#### Exercise instructions
Among the entries below, only the lines from the one with "Me Respeita, Uai!: Pecuária" through the one with "Collana con Ciondolo" are to be retyped, exactly and without pictures.

#### Available data
Segment Open
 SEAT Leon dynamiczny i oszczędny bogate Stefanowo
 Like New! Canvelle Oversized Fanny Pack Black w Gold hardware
Segment Closed
Segment Open
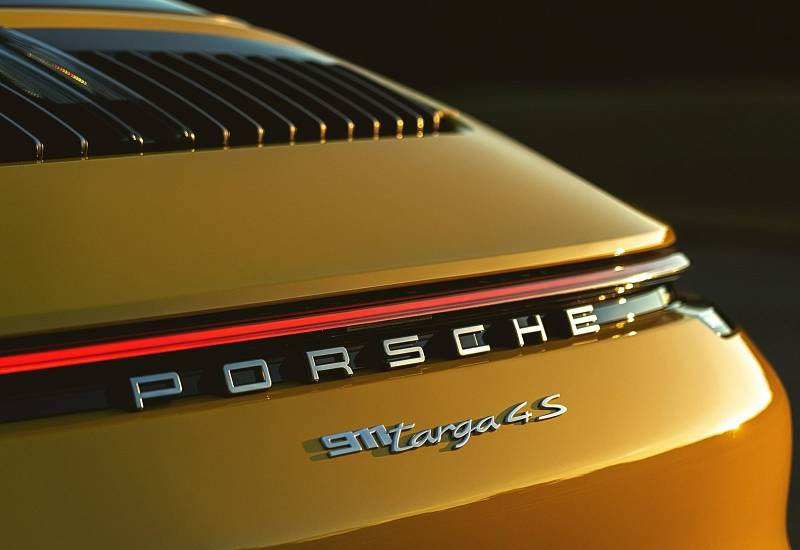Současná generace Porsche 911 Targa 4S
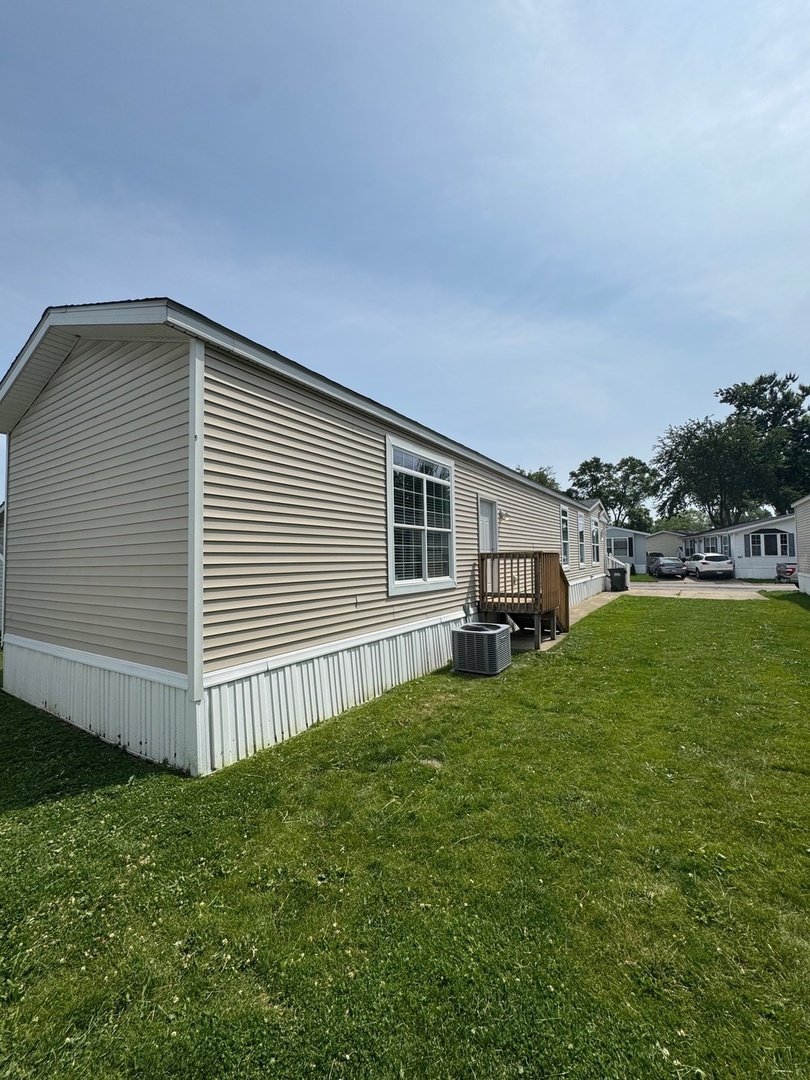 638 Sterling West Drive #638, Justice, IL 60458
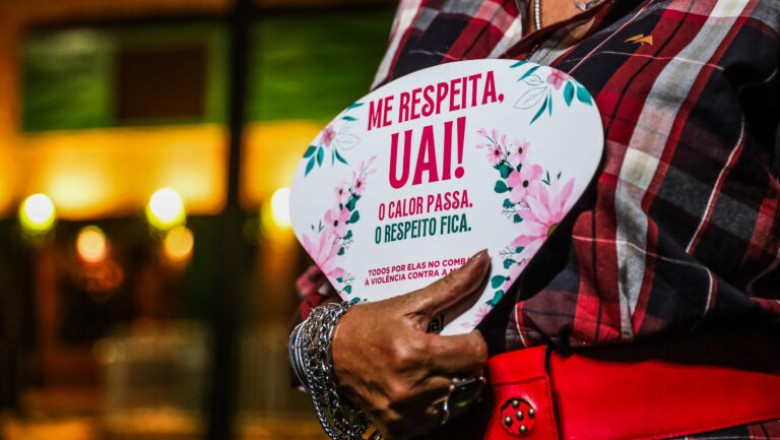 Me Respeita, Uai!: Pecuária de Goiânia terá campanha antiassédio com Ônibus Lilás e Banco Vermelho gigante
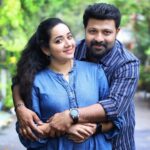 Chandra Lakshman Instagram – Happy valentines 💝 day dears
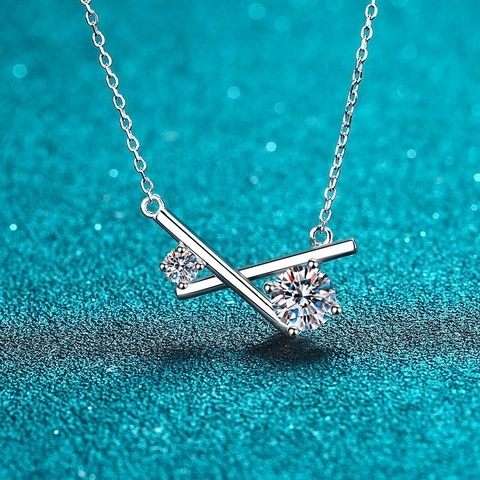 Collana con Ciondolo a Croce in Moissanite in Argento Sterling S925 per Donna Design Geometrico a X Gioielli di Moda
Segment Closed
Segment Open
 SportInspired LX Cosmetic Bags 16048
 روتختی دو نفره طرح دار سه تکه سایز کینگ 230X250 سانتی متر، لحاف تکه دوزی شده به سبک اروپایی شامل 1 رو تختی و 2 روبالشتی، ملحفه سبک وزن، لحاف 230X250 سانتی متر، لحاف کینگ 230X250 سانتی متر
Segment Closed
#### Response to the exercise
 Me Respeita, Uai!: Pecuária de Goiânia terá campanha antiassédio com Ônibus Lilás e Banco Vermelho gigante
 Chandra Lakshman Instagram – Happy valentines 💝 day dears
 Collana con Ciondolo a Croce in Moissanite in Argento Sterling S925 per Donna Design Geometrico a X Gioielli di Moda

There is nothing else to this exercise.